Jennifer Wei received her BA degree in atmospheric science from National Taiwan University, Taiwan, in 1992, the MS degree in environmental science from New Jersey Institute of Technology, Newark, in 1995, and the PhD degree in atmospheric science from the University of Illinois at Urbana-Champaign in 2002. She is currently a principle support scientist with ADNET Systems, Inc., Rockville, MD, working at the NASA Goddard Space Flight Center, Greenbelt, MD. Her research interests include remote sensing data processing, retrieval algorithms, and visualization of large earth science data sets. She is currently involved to develop algorithms and programs used for the analysis and processing of related data and contribute to multi-sensor and model data analysis and online analysis system development.

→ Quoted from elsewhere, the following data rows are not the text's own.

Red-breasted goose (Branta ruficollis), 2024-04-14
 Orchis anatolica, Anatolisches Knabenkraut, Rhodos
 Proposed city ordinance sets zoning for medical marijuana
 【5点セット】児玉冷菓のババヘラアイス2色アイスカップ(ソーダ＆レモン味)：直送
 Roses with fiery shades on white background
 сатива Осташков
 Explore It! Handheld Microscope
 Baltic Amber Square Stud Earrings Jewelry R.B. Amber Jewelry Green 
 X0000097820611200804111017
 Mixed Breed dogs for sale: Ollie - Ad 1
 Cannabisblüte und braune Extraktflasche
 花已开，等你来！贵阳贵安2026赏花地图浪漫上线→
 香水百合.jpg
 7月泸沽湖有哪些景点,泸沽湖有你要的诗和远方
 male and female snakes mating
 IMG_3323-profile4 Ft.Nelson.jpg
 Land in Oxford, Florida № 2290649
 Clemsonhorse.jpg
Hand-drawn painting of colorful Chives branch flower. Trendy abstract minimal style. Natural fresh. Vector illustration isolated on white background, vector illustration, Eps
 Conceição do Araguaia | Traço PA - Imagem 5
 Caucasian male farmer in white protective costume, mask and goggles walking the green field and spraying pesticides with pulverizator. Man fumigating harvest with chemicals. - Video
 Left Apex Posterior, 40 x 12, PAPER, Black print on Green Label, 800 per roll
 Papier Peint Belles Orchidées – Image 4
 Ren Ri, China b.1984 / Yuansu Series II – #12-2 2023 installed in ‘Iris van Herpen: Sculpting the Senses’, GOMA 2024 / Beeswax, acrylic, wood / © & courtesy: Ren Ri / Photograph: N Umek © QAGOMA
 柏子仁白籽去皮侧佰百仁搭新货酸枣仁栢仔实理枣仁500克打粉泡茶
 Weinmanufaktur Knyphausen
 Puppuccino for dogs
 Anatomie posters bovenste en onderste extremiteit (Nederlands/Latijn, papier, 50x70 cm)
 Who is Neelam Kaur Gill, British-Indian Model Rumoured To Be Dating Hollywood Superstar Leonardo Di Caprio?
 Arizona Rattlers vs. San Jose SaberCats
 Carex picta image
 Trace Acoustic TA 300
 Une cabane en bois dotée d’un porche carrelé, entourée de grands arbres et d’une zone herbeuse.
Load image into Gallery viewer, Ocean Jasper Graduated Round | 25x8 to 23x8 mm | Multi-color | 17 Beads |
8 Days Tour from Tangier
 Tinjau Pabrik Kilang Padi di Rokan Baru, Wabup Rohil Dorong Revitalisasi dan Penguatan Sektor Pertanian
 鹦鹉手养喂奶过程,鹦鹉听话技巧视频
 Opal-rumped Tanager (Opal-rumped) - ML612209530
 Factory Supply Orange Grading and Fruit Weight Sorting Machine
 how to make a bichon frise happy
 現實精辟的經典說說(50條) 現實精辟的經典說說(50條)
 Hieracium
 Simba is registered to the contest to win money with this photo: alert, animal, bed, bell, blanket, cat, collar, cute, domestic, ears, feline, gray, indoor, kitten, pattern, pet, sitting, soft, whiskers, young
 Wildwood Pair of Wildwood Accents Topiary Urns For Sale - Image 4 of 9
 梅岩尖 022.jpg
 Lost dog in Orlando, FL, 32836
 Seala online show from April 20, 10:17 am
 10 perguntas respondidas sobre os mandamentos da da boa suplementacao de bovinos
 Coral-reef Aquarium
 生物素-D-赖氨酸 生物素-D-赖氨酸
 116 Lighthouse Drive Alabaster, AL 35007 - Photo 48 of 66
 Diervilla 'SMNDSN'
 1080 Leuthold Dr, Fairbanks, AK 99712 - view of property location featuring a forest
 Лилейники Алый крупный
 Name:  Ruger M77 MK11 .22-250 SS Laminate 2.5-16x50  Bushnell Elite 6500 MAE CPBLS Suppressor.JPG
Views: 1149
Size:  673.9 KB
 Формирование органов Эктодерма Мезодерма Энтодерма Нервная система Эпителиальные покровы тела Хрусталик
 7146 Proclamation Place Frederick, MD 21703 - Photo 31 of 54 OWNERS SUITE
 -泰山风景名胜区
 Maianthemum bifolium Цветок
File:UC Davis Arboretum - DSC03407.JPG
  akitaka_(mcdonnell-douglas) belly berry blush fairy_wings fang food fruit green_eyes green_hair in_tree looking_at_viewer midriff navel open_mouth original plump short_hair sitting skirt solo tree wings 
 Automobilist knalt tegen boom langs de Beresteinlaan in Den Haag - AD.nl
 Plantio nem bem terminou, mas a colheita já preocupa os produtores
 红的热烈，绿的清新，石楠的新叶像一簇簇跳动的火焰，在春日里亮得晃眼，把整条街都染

Maksym Petrenko is a research associate for Earth System Science Interdisciplinary Center (ESSIC) on-site at the NASA Goddard Space Flight Center, Climate and Radiation Branch. Maksym joined ESSIC in 2009 after a PhD in computer science from Wayne State University, Detroit. His BS (2003) and MS (2005) degrees are also in computer science and were received from the National University of Kiev-Mohyla Academy, Kiev, Ukraine. In his PhD studies and prior projects, he focused on data analysis and effective ways for expanding complex software systems with new features. With this experience, he joined Dr. Charles Ichoku at NASA to work on the Mutli-sensor Aerosol Products Sampling System (MAPPS) that seeks to provide an approach and a unified framework for inter-comparison and validation of aerosol measurements from different sensors and instruments, including ground-based, airborne, and spaceborne, obtained at different locations and time around the globe.
Christopher Lynnes received his BA degree in earth sciences from Dartmouth College in 1981, and the MS and PhD degrees in geophysics from the University of Michigan in 1984 and 1988, respectively. He is the chief systems engineer for the Goddard Earth Sciences Data and Information Services Center.
Robert C. Levy received the BA, MS, and PhD degrees from Oberlin College (1994), Colorado State University (1996), and the University of Maryland—College Park (2007), respectively. He joined SSAI as a member of the MODIS aerosol team in 1998, and is responsible for upkeep, validation and improvement of the MODIS aerosol retrieval algorithms. Along with developing a highly useful and successful product, he has collaborated with research groups around the world. His research has ranged from applications of new algorithm development, monitoring surface air quality, aerosol/cloud interactions and aerosol trends. In 2012, he was the recipient of the Young Scientist award from the International Radiation Commission.